The cases display the intelligence tests or IQ tests from the Psychology and Human Development (PHD) Collection at the IOE. These tests were adapted by Cyril Burt from the IQ tests developed in Paris by Alfred Binet and Theodore Simon at the turn of the twentieth century. Burt’s ‘mental footrule’ was used to rate the intelligence of a child and his evaluation of mental deficiencies influenced the outcome of the 1924 Hadow report on psychological testing and the 1929 Wood Report of the Mental Deficiency Committee and the Board of Education. The latter recommended the reclassification of children considered to be ‘mentally defective’ . Also on display are publications by the experimental psychologist, H. R. Hamley and director T. Percy Nunn on The Education of Backward Children: and, Juvenile Delinquency in England and Wales as well as A Textbook of Hygiene for Training Colleges by Margaret Avery, Vice Principal of Warrington Teacher Training College.
Besides focusing on biological hygiene, Avery devotes an entire chapter on eugenics. This chapter provides examples of how eugenic thinking persists in the present day and is consistent with recent statements made by some politicians currently in power. For example, Avery states that while there are many ‘causes of pauperism’, one of them is that the working classes simply ‘lack…”grit”‘(p. 310)–a message that is not dissimilar to the one recently expressed by the (now previous) prime minister in relation to ‘British workers being the worst idlers in the world’. In relation to immigrants, Avery states: ‘We should welcome the right type of immigrant and discourage the wrong type’ and ‘we… receive the off-scourings of other countries, and these are racially very undesirable’ (p. 320).
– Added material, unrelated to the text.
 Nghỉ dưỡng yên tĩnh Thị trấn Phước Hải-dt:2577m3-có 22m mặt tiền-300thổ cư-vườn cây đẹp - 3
Once again, this mirrors the views of the present government on refugees and immigrants. Avery ends her chapter by stating that Christianity is on the side of the eugenicists because it, ‘more than any other power, has given us a sense of the infinite value of human life, and the eugenicist is trying to prevent the wreckage of human life’ (p. 323). While the Church has spoken out against these messages in Britain, the story is far from different in the United States (see Witnessing Whiteness by Kristopher Norris). Avery’s book continued to be published in several editions until 1951. It was the recommended textbook for the Board of Education’s teachers’ examination in hygiene. Undoubtedly, it will have influenced the thinking of generations of teachers and their students.